Actually Murano is the manufacturing center of world-renowned glassware. The shop windows exhibited fine specimens of Murano’s master glassblowers, and for a fee, the shopkeepers would ship your purchase anywhere in the world. Murano and its glass manufactures offered a unique opportunity for us to see how beauty was created from silica.
But we were in no mood to linger and admire the artistic glass creations. Our mind was on another famous island. The delayed gratification was bad enough as it was, and we did not want to aggravate the situation any further.
The next boat did not take long to arrive. We carefully inquired about its destination before boarding to make sure that this time around we would not end up on some other island in the multitude of islands dotting the lagoon.
Gone were our morning abandon and recklessness. With the afternoon fast declining we simply could not afford to run around the lagoon looking for Venice. We had to get there early enough to find our hotel. After misreading the "map" (a Xeroxed copy consisting of a few crisscrossing lines and fewer words) that we had been given, I could no longer trust its accuracy, or my military instinct. How much of this instinct there is was clear from the fix we were in. Now we had to be on the alert for anomalous circumstances and any contingencies.

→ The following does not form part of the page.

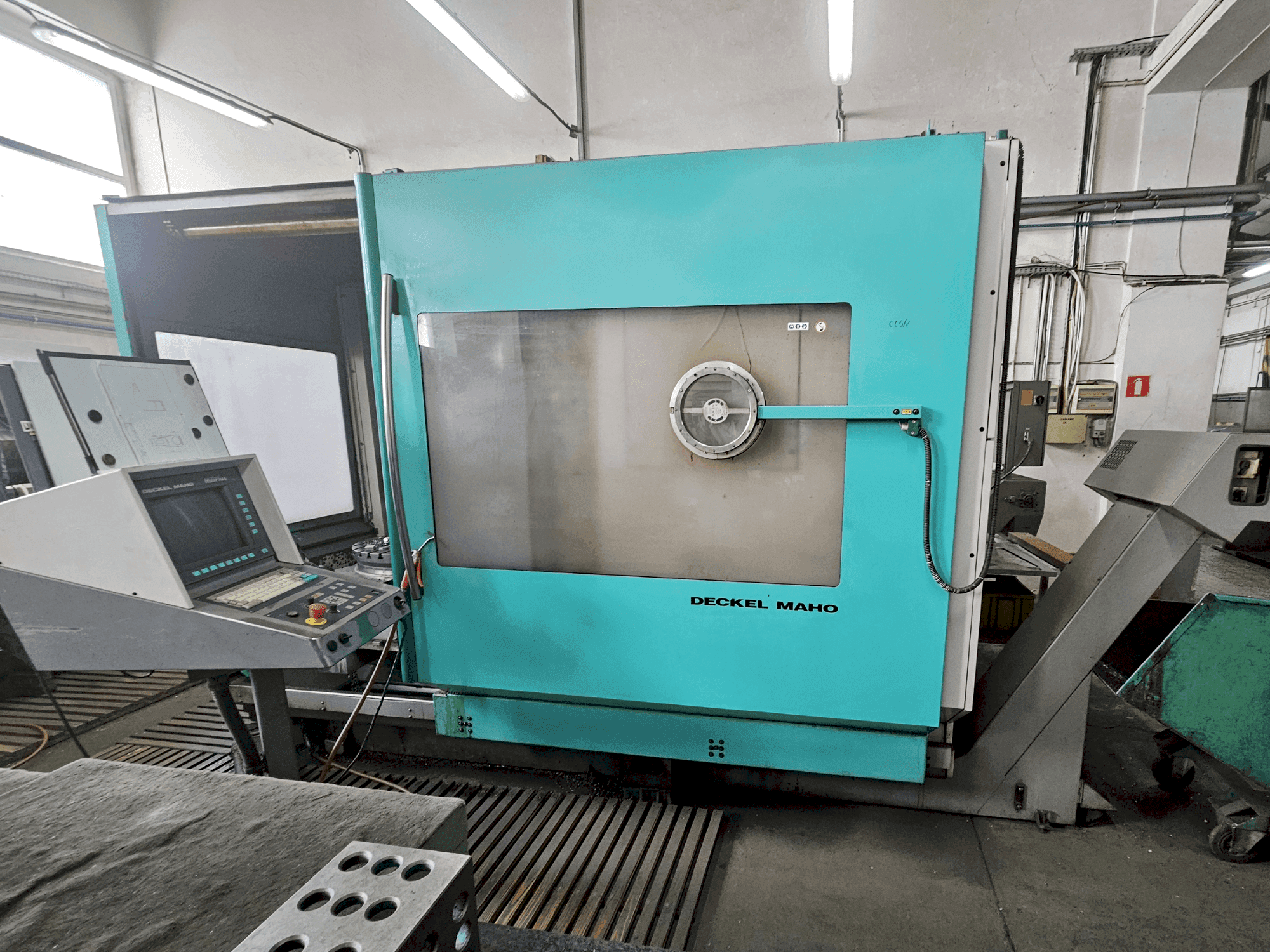 Widok z przodu maszyny DECKEL MAHO DMU 60P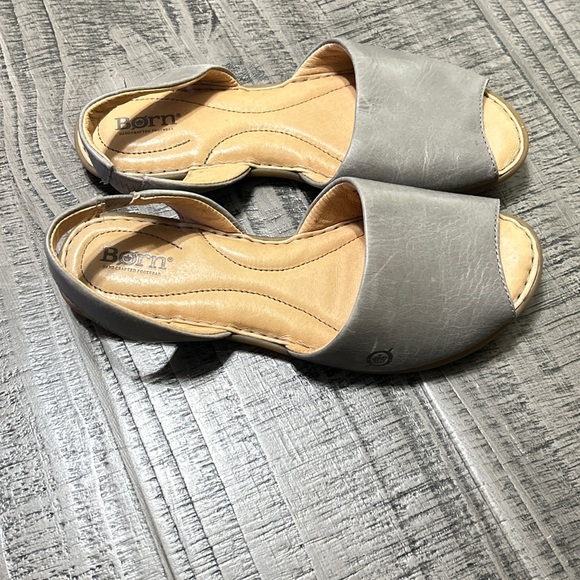 Born Women's Gray and Tan Sandals - Picture 2 of 6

Our boat sailed uneventfully to the next island; a few passengers got off, a few others came on. And this routine went on and on from island to island, to the point where we started to wonder if Venice ever existed at all. It turned out that these vaporetti (as the boats are called) in the Lagoon of Venice are like city buses.
The Living Room of The World
Just as we were getting restless from anticipation, like kids in a candy store who had been told "Don’t touch anything," we saw looming from the starboard side the familiar skyline, still quite a distance away, but unmistakable. Our hearts leaped with joy. The massive façade of the Doge’s palace punctuated with pointed windows over the openwork tracery of the loggia, emerged from the afternoon haze. Behind it rose the onion domes of the Basilica of San Marco. A piece of the Orient had been transplanted to Venice over the centuries as a result of its trade relationship with the Byzantine Empire.
When our boat was finally moored to the dockside, we stepped ashore and crossed the Piazzetta di San Marco to the Piazza di San Marco facing the Basilica. Throngs of tourists filled the square. And the square filled our hearts with unspeakable delight. Ignoring the frenetic activity going on in this huge open space, nicknamed the "living room of the world," we went looking for our hotel.
The hotel search was far from uneventful, but this is another story.
At long last we came out of our hotel into St. Mark’s Square, this time to marvel at the scene, the campanile, the basilica and the Doge’s palace, and also to reflect on the day's events. A sense of peace permeated our souls as Yvonne and I, hand in hand, mingled triumphantly among the crowds.
O Murano, Murano!
Looking back over the brief span of time we spent on Murano, we felt a strange feeling of longing. Somehow that morning’s unanticipated stopover was an excursion into a piece of poetic Venice that left an indelible imprint in our psyche.
O Murano, Murano! Have you a heart that beats with ours from here to eternity?